# TASK STATEMENT
Could the listing below be reproduced exactly, minus its pictures?

# DATA SHOWN
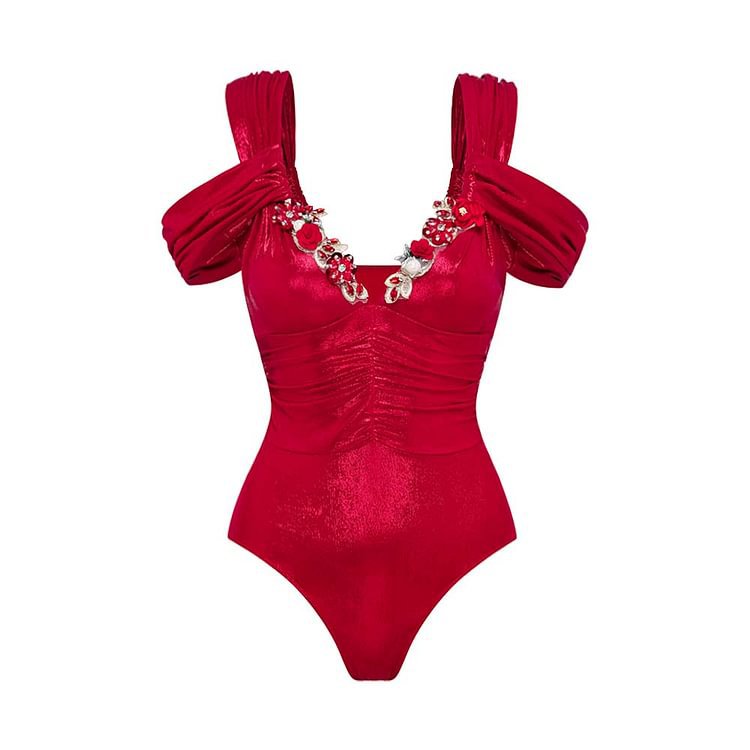 V Neck Solid Color Luminous Fabric One Piece Swimsuit Women Red Swimsuit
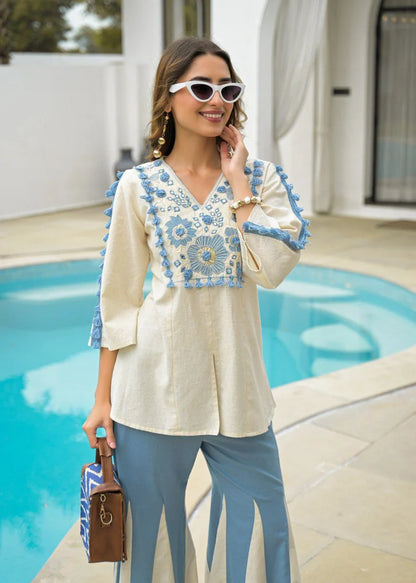 Ivory Elegance Embroidered Cotton Co-Ord Set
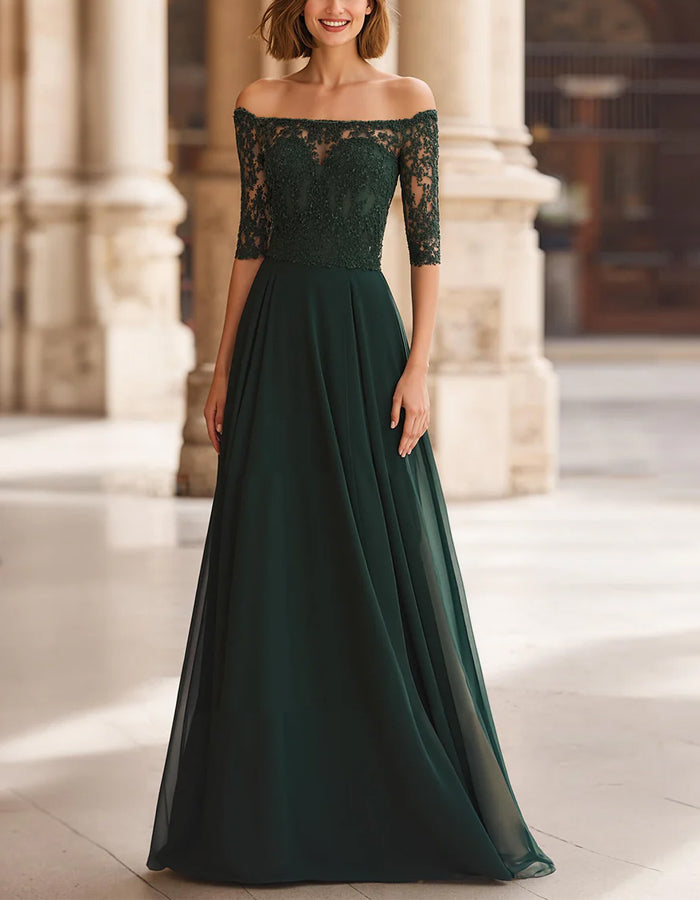 Vestido Maxi Verde Escuro em Renda Ombro a Ombro com Mangas de Comprimento Médio e Saia Cheia  
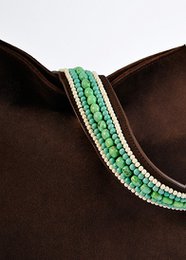 BOHO IBIZA BAG - Mint Ivory shoulder strap (70cm) + Suede bag (Cocoa)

# OUTPUT
 V Neck Solid Color Luminous Fabric One Piece Swimsuit Women Red Swimsuit
 Ivory Elegance Embroidered Cotton Co-Ord Set
 Vestido Maxi Verde Escuro em Renda Ombro a Ombro com Mangas de Comprimento Médio e Saia Cheia  
 BOHO IBIZA BAG - Mint Ivory shoulder strap (70cm) + Suede bag (Cocoa)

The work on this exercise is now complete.